(Stored data entries)
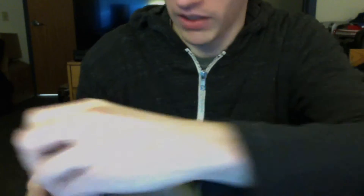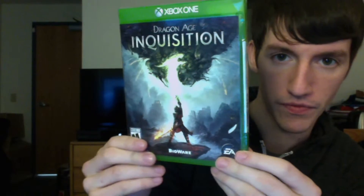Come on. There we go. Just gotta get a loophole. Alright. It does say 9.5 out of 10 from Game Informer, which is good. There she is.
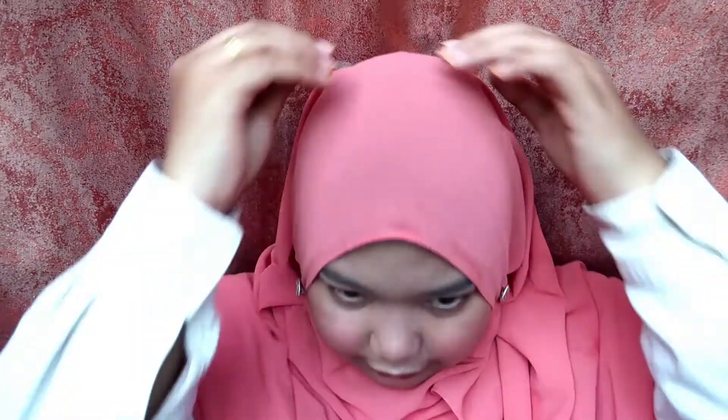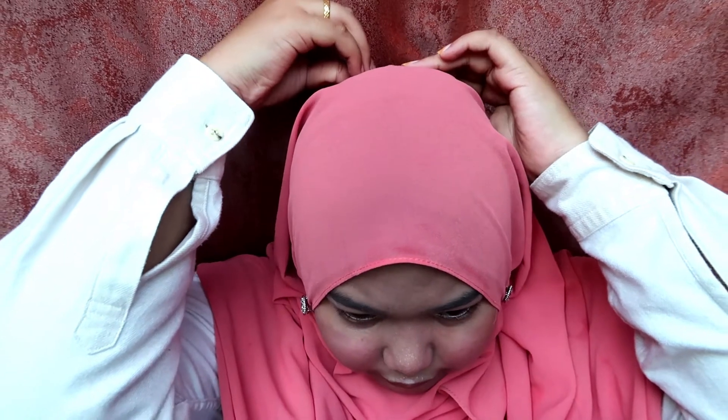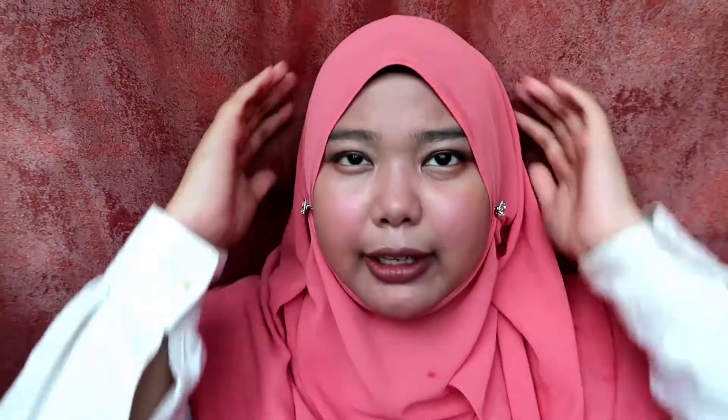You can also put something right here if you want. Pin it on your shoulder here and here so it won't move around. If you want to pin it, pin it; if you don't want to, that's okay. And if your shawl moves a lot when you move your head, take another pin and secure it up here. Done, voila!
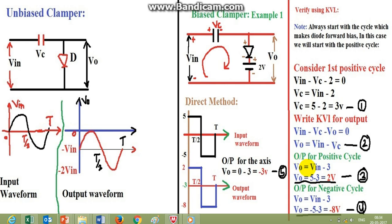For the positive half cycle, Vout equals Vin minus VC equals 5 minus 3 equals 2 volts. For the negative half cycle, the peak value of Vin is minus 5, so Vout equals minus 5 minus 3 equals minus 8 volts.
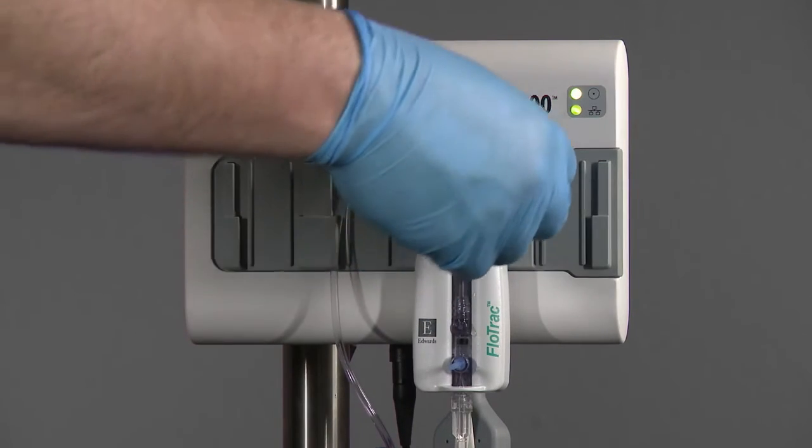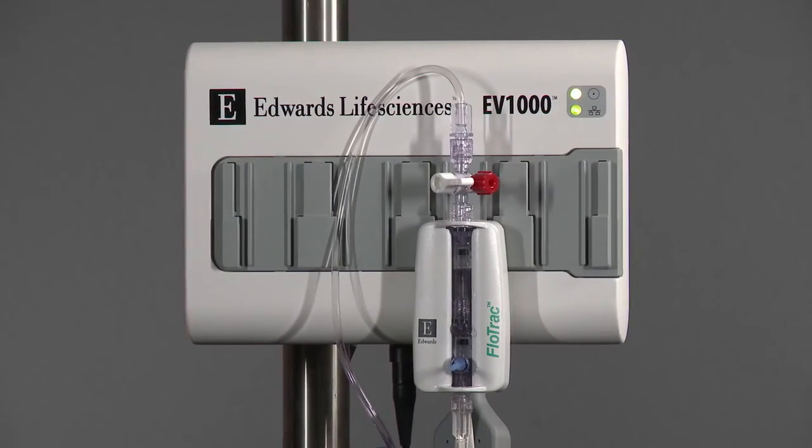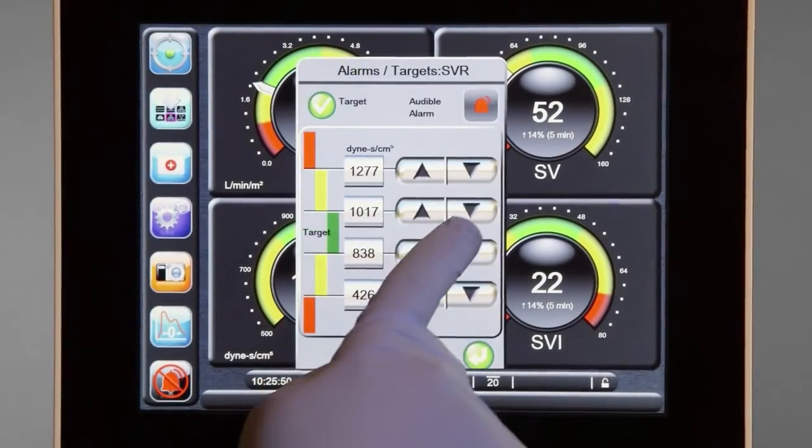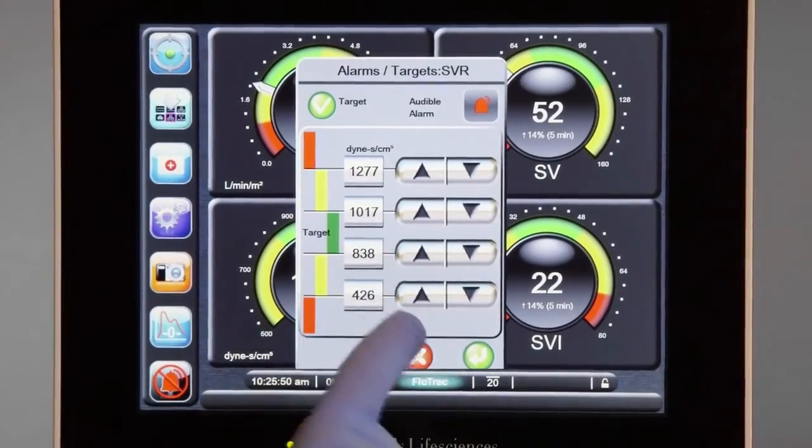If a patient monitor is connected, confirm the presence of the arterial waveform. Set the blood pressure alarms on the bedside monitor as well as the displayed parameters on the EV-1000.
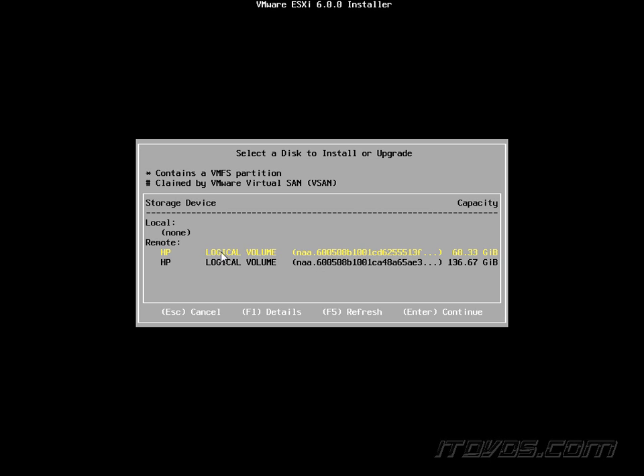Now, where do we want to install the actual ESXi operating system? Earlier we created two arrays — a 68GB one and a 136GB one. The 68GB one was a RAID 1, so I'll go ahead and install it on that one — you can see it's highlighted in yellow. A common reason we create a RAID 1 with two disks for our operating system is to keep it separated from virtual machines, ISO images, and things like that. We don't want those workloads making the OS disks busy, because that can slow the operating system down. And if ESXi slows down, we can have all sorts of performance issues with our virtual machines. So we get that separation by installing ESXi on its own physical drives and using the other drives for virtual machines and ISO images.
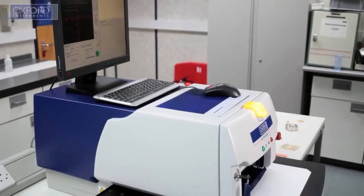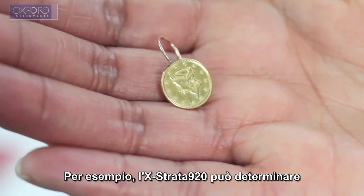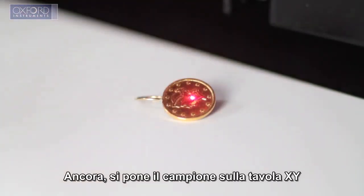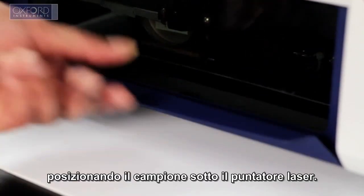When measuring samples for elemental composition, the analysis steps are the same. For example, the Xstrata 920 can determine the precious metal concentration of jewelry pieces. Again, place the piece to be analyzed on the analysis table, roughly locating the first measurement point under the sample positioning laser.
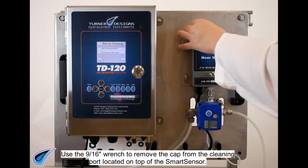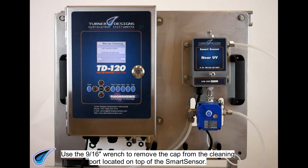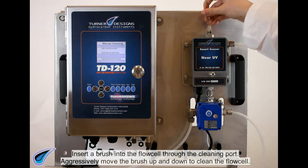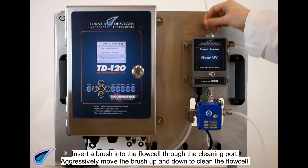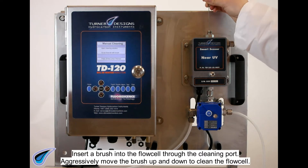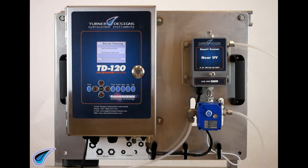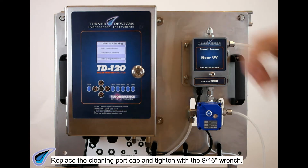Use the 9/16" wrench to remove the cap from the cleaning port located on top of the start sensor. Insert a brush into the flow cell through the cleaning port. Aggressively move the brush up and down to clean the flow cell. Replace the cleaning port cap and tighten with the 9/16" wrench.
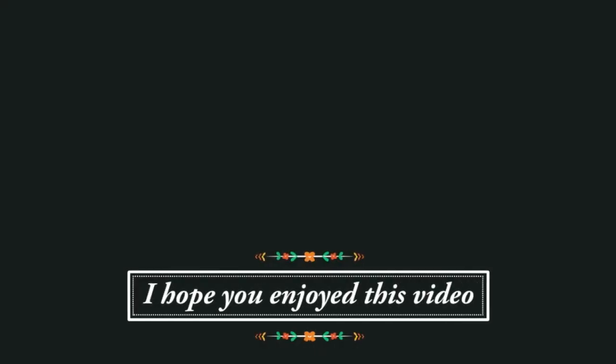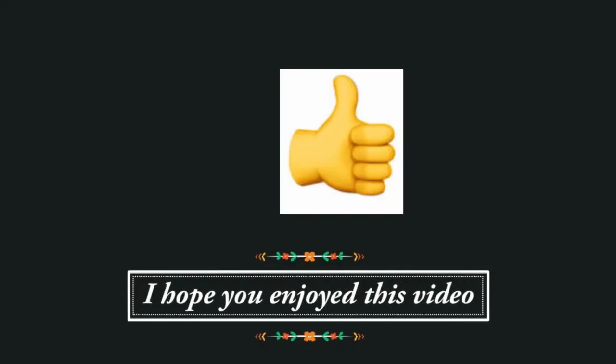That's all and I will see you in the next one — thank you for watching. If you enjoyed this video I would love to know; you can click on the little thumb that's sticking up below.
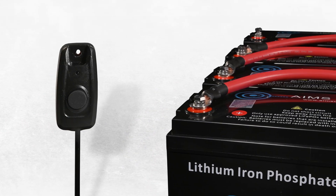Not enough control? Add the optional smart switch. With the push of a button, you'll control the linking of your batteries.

WHAT YOU HAVE TO DO | No pictures should appear; only the lines from the first line of the records through the line with "You can also", both included, are to be restated word for word.

SOLUTION BELOW |
Come on. There we go. Just gotta get a loophole. Alright. It does say 9.5 out of 10 from Game Informer, which is good. There she is.
You can also put something right here if you want. Pin it on your shoulder here and here so it won't move around. If you want to pin it, pin it; if you don't want to, that's okay. And if your shawl moves a lot when you move your head, take another pin and secure it up here. Done, voila!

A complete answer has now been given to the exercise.